A verbatim transcript of the data that follows, free of images, is the expected result.
*** DATA PROVIDED ***
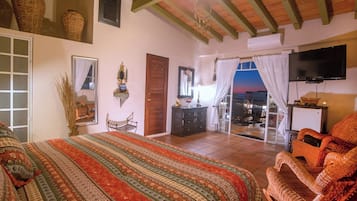 4 chambres, coffres-forts dans les chambres, bureau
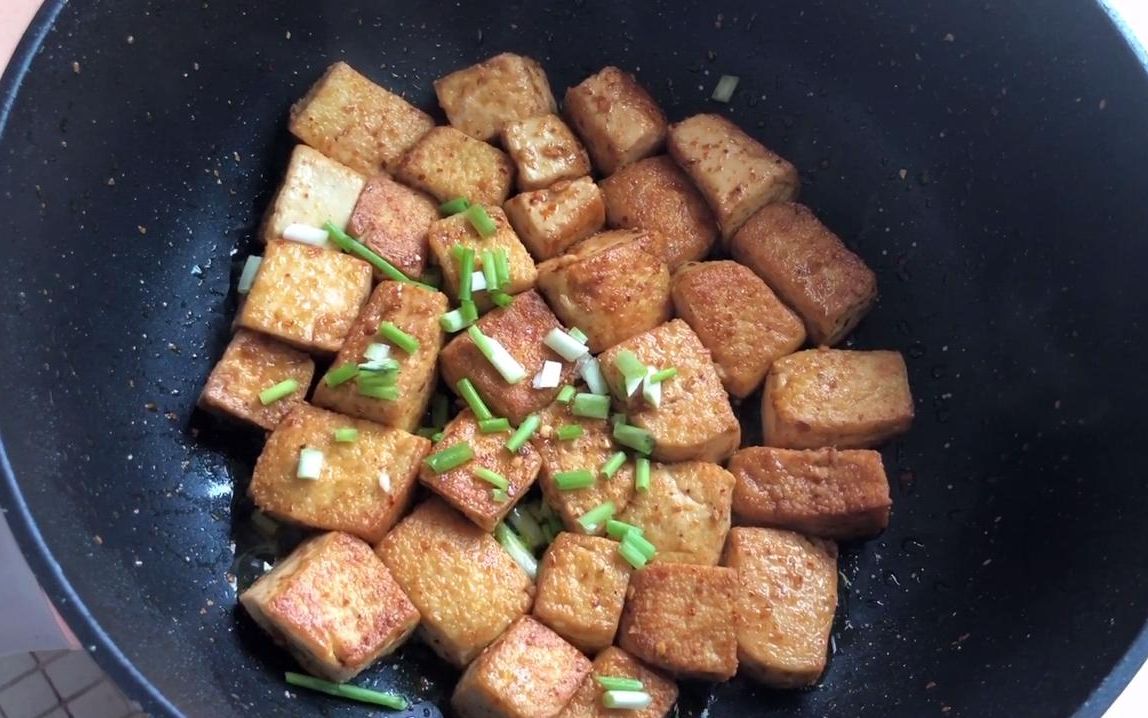 2块钱的香煎豆腐,做法超简单,居然这么好吃!
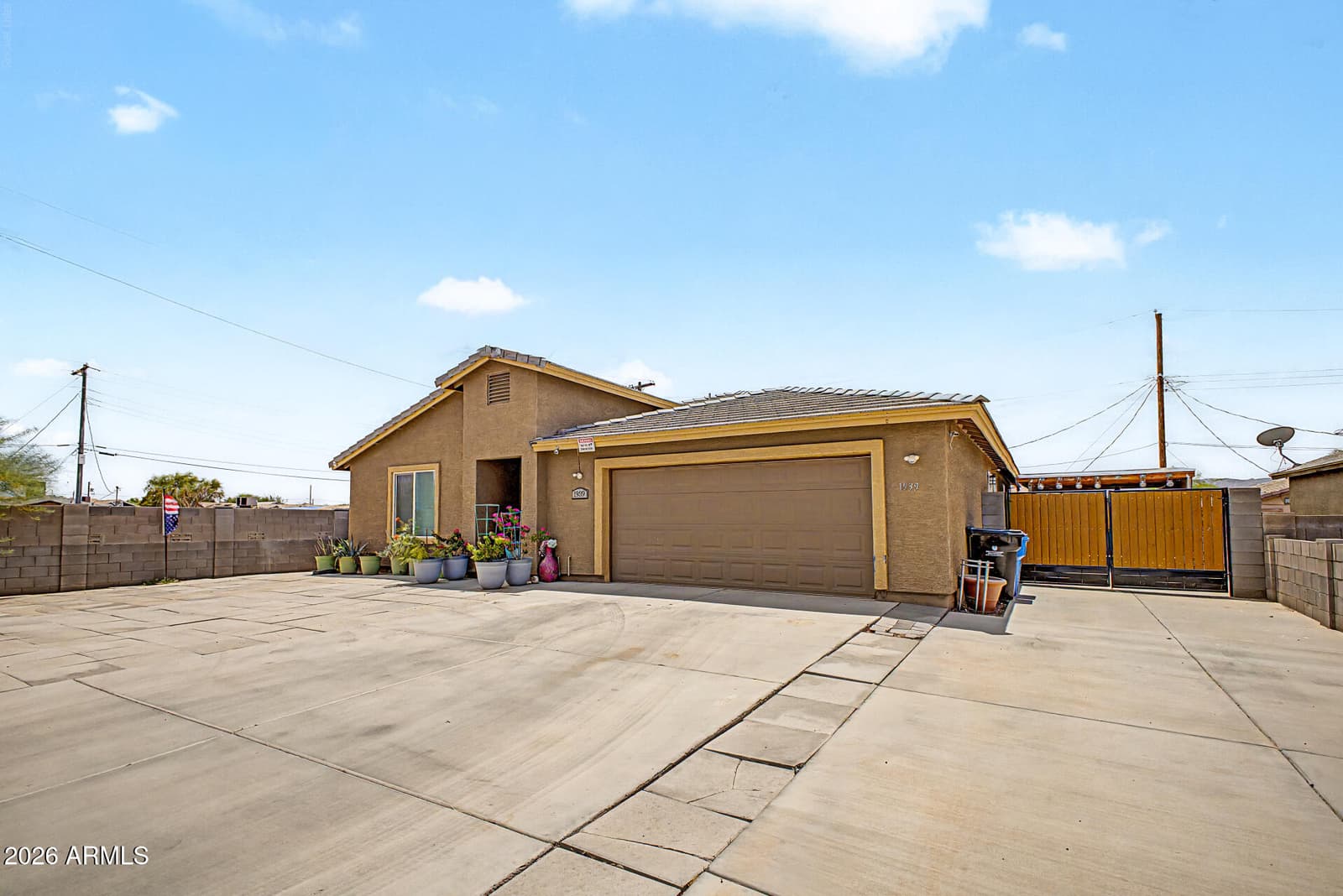 1939 E ENCINAS Lane, Phoenix, AZ 85040 — photo 2 of 32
*** End of DATA PROVIDED ***
TASK RESPONSE
 4 chambres, coffres-forts dans les chambres, bureau
 2块钱的香煎豆腐,做法超简单,居然这么好吃!
 1939 E ENCINAS Lane, Phoenix, AZ 85040 — photo 2 of 32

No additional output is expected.